Per la squadra di Amir Ghalenoei, la guerra congiunta USA-Israele è stata più di una chiave di volta nei piani di preparazione alla Coppa del Mondo; era tangibile e personale, poiché migliaia di persone in tutto il paese furono uccise da attacchi missilistici.
Sono stati gli Usa a bombardare lo stadio Azadi, sede di diverse partite locali e dove si allenava la Nazionale. Era la squadra maschile che portava piccoli zaini in ricordo degli studenti massacrati in un attacco americano contro una scuola a Minab il giorno in cui iniziò la guerra.
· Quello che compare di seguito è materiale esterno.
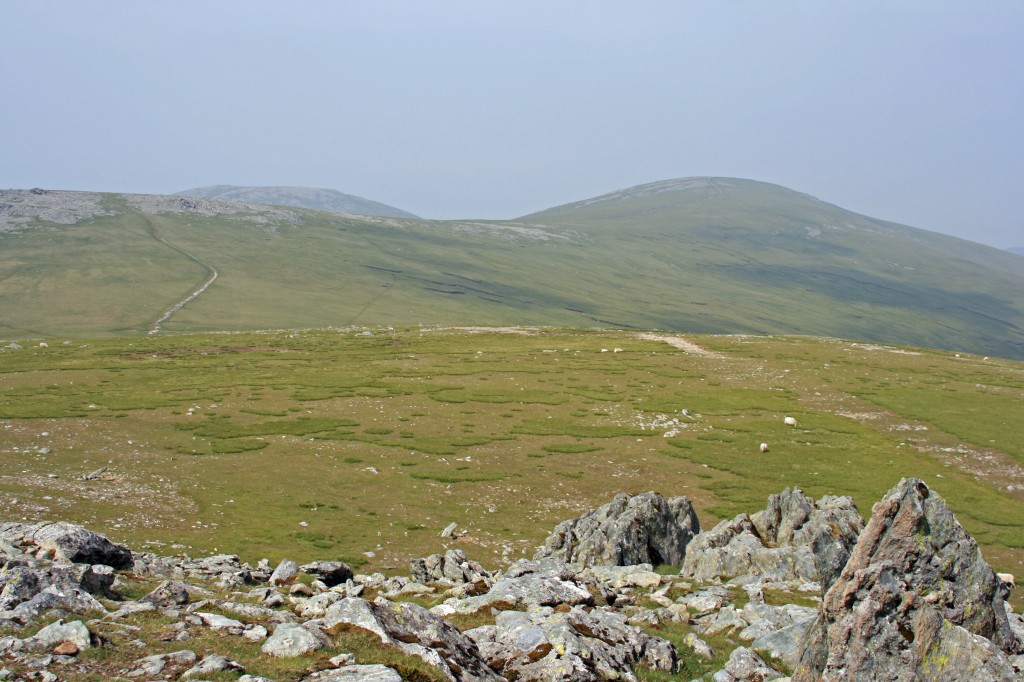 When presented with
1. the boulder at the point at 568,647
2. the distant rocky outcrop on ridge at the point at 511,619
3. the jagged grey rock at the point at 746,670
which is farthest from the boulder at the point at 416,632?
the jagged grey rock at the point at 746,670

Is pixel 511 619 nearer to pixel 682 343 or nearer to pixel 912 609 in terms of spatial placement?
pixel 912 609

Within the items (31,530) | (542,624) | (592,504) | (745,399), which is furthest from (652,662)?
(745,399)

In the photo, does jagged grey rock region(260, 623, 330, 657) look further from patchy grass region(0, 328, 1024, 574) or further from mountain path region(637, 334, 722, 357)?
mountain path region(637, 334, 722, 357)

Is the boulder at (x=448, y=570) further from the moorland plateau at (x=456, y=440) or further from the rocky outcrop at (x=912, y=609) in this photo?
the rocky outcrop at (x=912, y=609)

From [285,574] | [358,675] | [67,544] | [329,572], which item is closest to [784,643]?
[358,675]

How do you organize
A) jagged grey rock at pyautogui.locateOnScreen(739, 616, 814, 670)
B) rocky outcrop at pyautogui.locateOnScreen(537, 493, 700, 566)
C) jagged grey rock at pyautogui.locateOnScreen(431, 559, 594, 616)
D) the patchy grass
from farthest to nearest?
the patchy grass, rocky outcrop at pyautogui.locateOnScreen(537, 493, 700, 566), jagged grey rock at pyautogui.locateOnScreen(431, 559, 594, 616), jagged grey rock at pyautogui.locateOnScreen(739, 616, 814, 670)

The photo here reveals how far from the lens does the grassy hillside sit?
100 feet

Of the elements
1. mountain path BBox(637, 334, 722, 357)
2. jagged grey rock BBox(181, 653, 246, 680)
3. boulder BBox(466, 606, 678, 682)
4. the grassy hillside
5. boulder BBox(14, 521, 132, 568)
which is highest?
mountain path BBox(637, 334, 722, 357)

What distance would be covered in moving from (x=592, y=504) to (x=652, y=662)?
69.6ft

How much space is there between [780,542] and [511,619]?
50.5 feet

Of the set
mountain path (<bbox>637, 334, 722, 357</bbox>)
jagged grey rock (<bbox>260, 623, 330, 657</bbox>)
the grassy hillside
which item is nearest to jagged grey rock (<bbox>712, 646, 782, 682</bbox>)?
jagged grey rock (<bbox>260, 623, 330, 657</bbox>)

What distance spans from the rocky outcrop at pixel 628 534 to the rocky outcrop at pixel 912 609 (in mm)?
12757

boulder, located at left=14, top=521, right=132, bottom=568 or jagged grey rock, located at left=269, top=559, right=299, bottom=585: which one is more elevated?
boulder, located at left=14, top=521, right=132, bottom=568

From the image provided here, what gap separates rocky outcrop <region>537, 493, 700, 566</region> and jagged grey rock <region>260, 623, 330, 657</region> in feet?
48.8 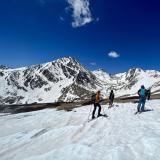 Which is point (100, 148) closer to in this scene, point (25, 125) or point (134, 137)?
point (134, 137)

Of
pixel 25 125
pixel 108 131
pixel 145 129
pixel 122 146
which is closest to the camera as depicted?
pixel 122 146

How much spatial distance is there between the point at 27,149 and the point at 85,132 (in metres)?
4.94

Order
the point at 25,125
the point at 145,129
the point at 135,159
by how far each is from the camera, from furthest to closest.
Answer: the point at 25,125 → the point at 145,129 → the point at 135,159

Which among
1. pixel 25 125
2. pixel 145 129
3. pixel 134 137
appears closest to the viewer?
pixel 134 137

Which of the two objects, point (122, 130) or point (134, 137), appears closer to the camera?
point (134, 137)

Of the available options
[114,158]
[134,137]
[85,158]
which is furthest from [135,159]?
[134,137]

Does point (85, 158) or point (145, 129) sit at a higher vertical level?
point (145, 129)

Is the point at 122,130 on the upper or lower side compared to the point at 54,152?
upper

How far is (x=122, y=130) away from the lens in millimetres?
20500

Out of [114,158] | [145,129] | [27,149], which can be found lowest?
[27,149]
Dopo mesi di trafila politicamente impegnativa tra Stati Uniti e Iran – che li ha portati invece a spostare il campo base in Messico – la nazionale di calcio maschile si ritroverà a giocare all’ombra della guerra. Anche questo, se gli Stati Uniti concederanno loro i visti in tempo.
Per gli appassionati di calcio iraniani, viaggiare negli Stati Uniti era “quasi impossibile” anche senza i problemi del visto o la guerra. Non esistono mezzi di trasporto diretti tra i paesi che non hanno relazioni diplomatiche formali.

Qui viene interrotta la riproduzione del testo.